The history of the Land of Israel over the last few thousand years has been fraught with upheavals and wars, and the arrival and disappearance of many peoples. A recently published study raises the possibility of a different kind of cause for shifting settlement patterns in the land some 5,500 years ago: Climate change led to the flooding of the coastal plain (which had been a populated commercial and settlement center) and the creation of many swamps.

The concentration of population, commerce and trade in Israel's coastal plain is not a phenomenon unique to our era. Even before the events the Bible describes in the Land of Israel, during the early first Bronze Age, 5,500 years ago, numerous communities dotted the coastal strip, from the vicinity of Gaza to the Galilee. The first royal dynasties appeared around that time in Egypt, and clay vessels uncovered in southern coastal communities indicate that the area (apparently under Egyptian control) served as an important trade route for the Egyptians.

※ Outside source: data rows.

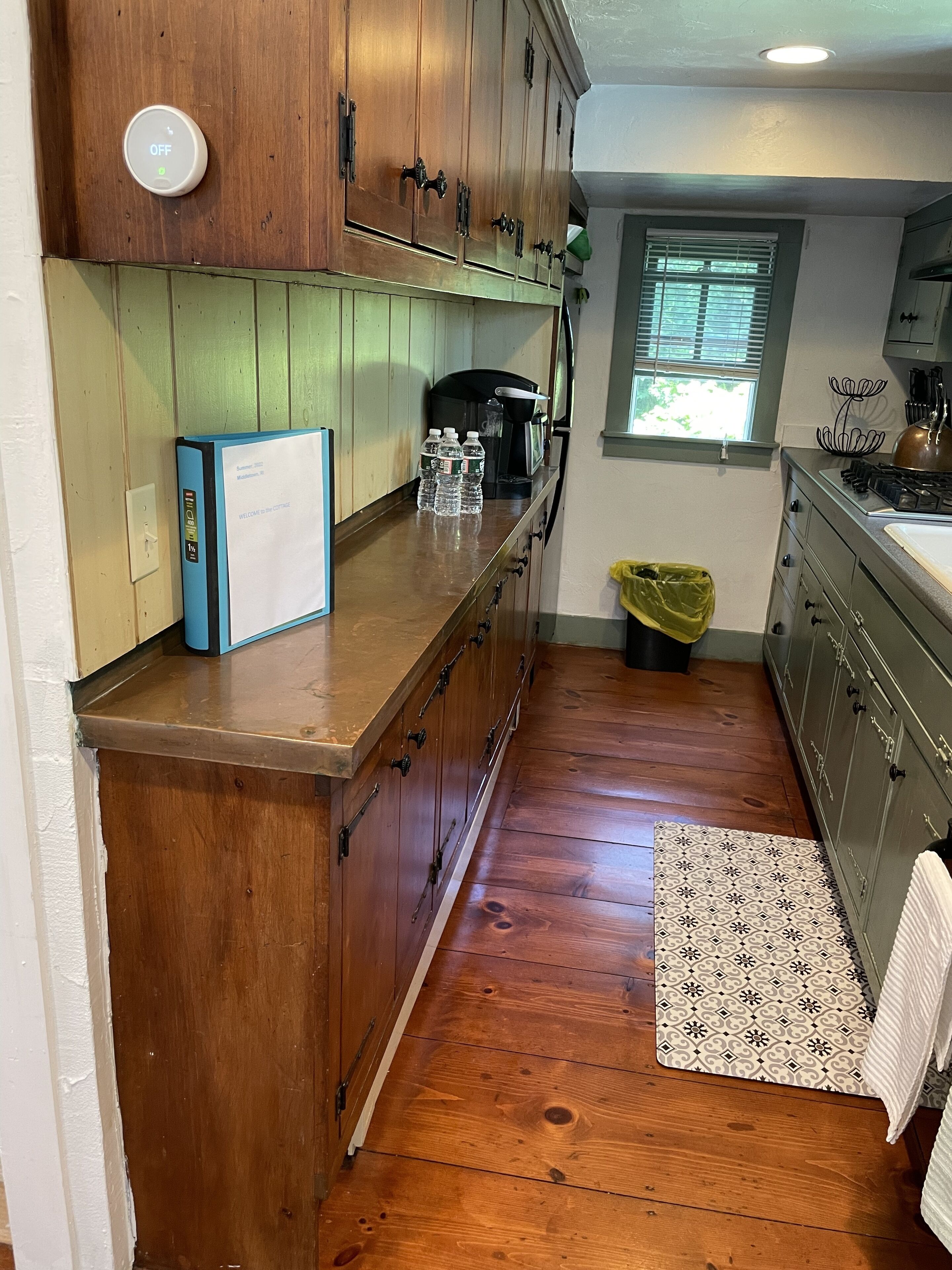 A kitchen with wooden cabinets, a built-in oven, a coffee maker, and a window with blinds.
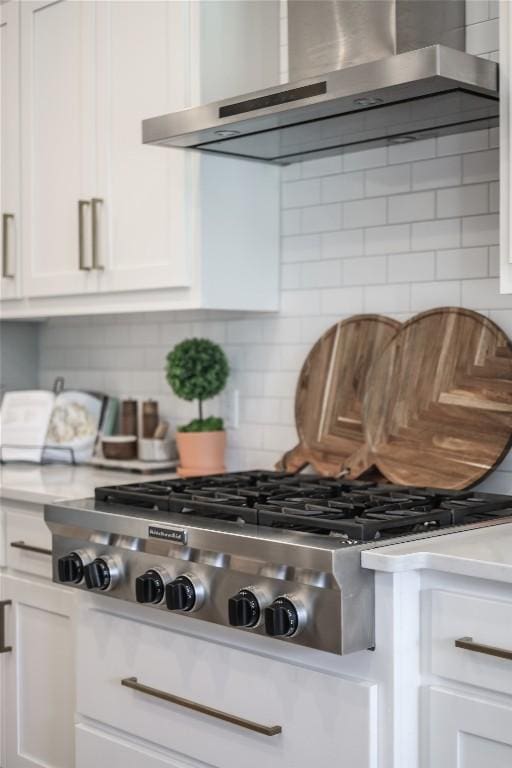 12404 Cardinal Flower Dr, Austin, TX 78739 - kitchen view of wall chimney exhaust hood, stainless steel gas cooktop, light countertops, and tasteful backsplash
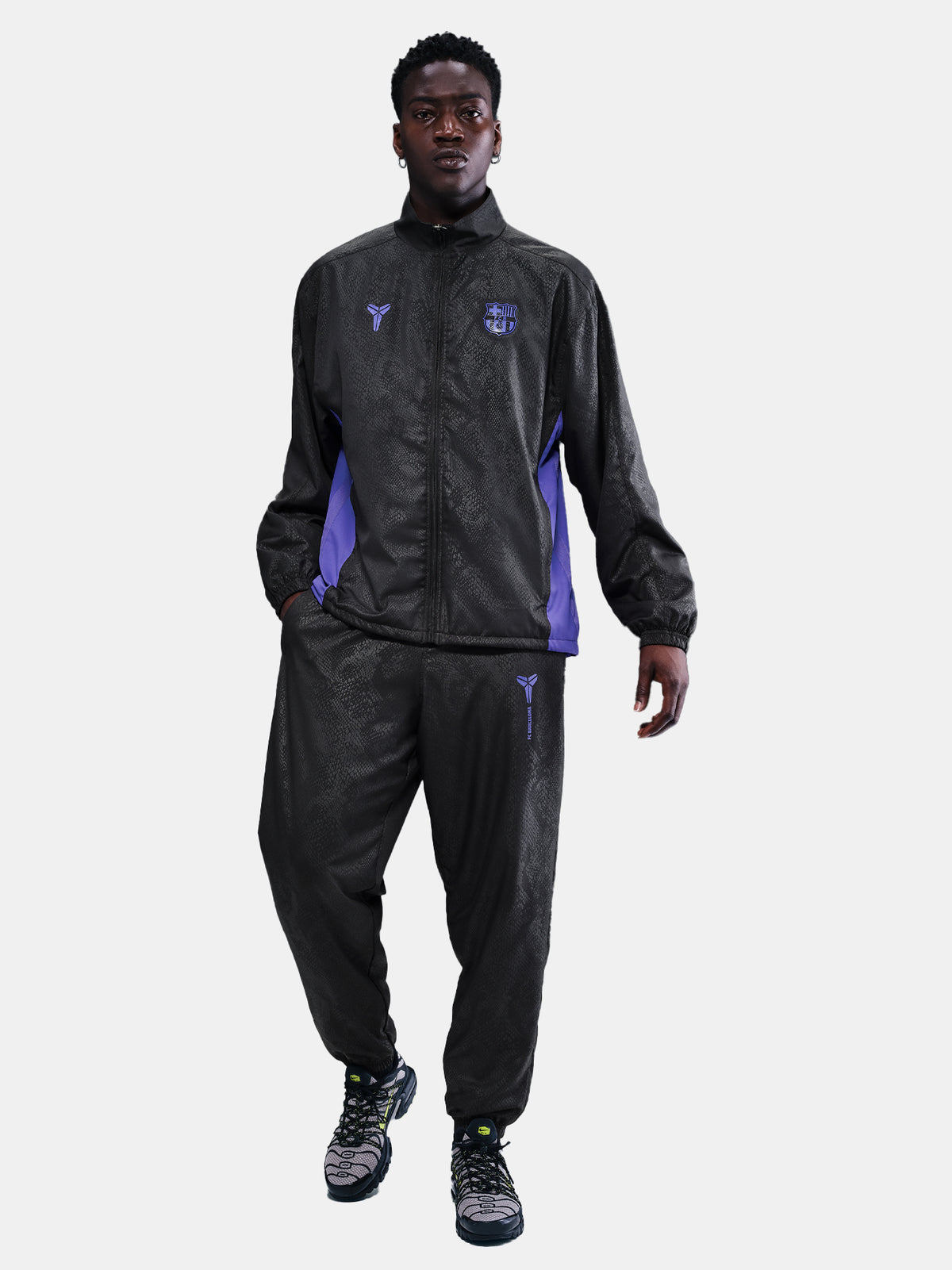 FC Barcelona black training pants with subtle textured pattern and light purple logo on the right thigh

And then, 5,500 years ago, say the archaeologists, there was a dramatic change. The coastal region was almost completely abandoned while concurrently in other areas an urban revolution was underway, with large fortified cities being built. After the era of urban, commercial prosperity, for almost a thousand years, the coastal plain mostly contained but a few small and scattered communities.

"The phenomenon is amazing," says archaeologist Dr. Avraham Faust, director of Bar-Ilan University's Institute of Archaeology. "There was a fairly large population in the coastal plain, and at the end of a relatively short process it emptied almost completely. In the alluvial areas, nearly all of the communities disappeared. The Egyptians also abandoned the coastal plain and trade no longer passed that way."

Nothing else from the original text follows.